I’m back in New Orleans.
This time, however, what was supposed to be a simple visit morphed into something else when my developmentally disabled brother fell and broke his leg. My wife and I are helping with his care and mobility issues but, even so, we’re still finding some time to get around.
While on a walk the other day, I began thinking about the city in which I grew up and the one where I’ve lived for the past 27 years.
Here are a few things that came to mind:
It rains in both Edmonds and New Orleans, but there’s a hint of difference. In Edmonds, rain usually consists of a steady curtain of drops and droplets descending for periods varying from several moments to (more likely) several months.
In New Orleans, there are thunderstorms. The kind that have teeth and will bite you.
The most recent one dumped several inches of rain onto an area just west of the city in the space of a few hours. There are no “raindrops” in something like that. What happens is that all of the excess water in the known universe collects inside of large, dark clouds and, then, someone unzips the bottom.
It gets your attention if you’re underneath it at the time.
Such a deluge is also accompanied by lightning and thunder. The one I’m mentioning topped out at more than 350 strikes in an hour. Think of a recording of the “1812 Overture” getting stuck in the cannonade passage for 60 minutes. It’s not for the faint of heart.
Food here is special, too.
We may love our food in the Northwest, but we haven’t quite elevated it to the “requiring worship” stature that it holds in New Orleans.
Spend any amount of time here and you’ll notice that as soon as New Orleanians finish one eating cycle — Thanksgiving, Christmas and New Year’s, for example — they happily amble into the next one.
Mardi Gras — the city’s annual descent into group dementia — just ended. This means that the King Cakes have all been eaten, but now comes crawfish season and the requisite backyard crawfish boils.
Invite about 20 friends and relatives over. Take a (very) large kettle and fill it with water. Add copious quantities of salt, spices, seasonings, onion halves, lemons, potatoes, garlic, ears of corn, hot sauce, and bring to a rolling boil until the potatoes are ready. Add 60 pounds of live crawfish. Cook until done. Remove everything and dump it onto the center of a large picnic table. Eating etiquette is negotiable, as is the choice of beverage with which to wash it all down. Tall tales regarding past family foolishness is a requirement.
We need something like this in the Northwest. It makes for one heck of an afternoon.
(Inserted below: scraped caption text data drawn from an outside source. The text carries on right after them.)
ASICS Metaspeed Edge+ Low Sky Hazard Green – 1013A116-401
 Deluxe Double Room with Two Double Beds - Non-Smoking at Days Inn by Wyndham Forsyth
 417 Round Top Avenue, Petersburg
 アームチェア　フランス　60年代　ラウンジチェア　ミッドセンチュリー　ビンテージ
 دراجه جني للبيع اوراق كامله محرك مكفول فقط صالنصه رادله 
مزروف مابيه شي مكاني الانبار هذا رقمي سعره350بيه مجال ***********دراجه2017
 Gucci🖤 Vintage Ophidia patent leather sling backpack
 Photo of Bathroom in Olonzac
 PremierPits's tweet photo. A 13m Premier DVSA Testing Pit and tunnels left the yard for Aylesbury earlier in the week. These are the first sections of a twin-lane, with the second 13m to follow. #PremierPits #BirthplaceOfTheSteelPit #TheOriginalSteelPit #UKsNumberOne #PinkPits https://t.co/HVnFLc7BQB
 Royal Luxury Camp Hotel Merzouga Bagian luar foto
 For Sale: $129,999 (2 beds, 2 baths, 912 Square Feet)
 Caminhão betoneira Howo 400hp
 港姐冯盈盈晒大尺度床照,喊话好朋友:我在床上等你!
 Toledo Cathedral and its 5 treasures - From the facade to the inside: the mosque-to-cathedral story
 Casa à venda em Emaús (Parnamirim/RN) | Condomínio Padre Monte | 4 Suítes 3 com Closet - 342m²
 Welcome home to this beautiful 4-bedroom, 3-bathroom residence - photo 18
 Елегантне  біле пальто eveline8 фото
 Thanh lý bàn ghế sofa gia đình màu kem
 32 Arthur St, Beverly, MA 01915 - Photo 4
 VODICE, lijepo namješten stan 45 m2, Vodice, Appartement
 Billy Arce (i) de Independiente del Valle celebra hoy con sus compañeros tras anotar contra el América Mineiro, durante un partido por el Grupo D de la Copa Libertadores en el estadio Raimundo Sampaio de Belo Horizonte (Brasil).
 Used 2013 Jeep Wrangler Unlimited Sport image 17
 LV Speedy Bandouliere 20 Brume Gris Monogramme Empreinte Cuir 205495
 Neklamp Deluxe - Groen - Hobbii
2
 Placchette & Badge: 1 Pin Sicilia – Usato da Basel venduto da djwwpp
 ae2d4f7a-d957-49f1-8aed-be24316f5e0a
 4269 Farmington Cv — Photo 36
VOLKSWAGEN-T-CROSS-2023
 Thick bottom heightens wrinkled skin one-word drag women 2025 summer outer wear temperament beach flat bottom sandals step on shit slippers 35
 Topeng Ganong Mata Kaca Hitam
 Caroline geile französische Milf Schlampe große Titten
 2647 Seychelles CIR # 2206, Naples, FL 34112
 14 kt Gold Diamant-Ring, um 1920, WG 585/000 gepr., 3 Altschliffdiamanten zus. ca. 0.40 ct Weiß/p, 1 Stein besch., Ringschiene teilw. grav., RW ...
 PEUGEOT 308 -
On another food note, my wife and I have reserved a table for breakfast at Brennan’s in the French Quarter. Put this one on your “bucket list” and, to do it properly, be sure to set aside at least two or three hours. You’ll thank yourself.
Two things I don’t miss about New Orleans (mosquitoes need no mention) are heat and humidity.
I can only describe the situation this way. We don’t have an air conditioner in our Edmonds home because we don’t need one.
A local sage, Charlie Theriot — a friend for 48 years and the best man in our wedding — once asked me if I knew the real reason to have a (very) large savings account in a New Orleans bank.
He explained that such was necessary in order to have the cash required to bribe a local air conditioning repair person to come to your house in the dead of August should your unit quit in the middle of a 100 degree, 100 percent humidity day. The bribe would be in addition to the charges for the repairs needed to prevent your turning into a steaming puddle of goo on your living room floor.
Nostalgia and memories aside, though, we’re staying put. The Northwest is our home. Our friends are great, Edmonds and the surrounding areas are beautiful, and our roots have taken hold.
Still, New Orleans (Warning: Only between the months of March and early June) is a place that can grab you and never let go.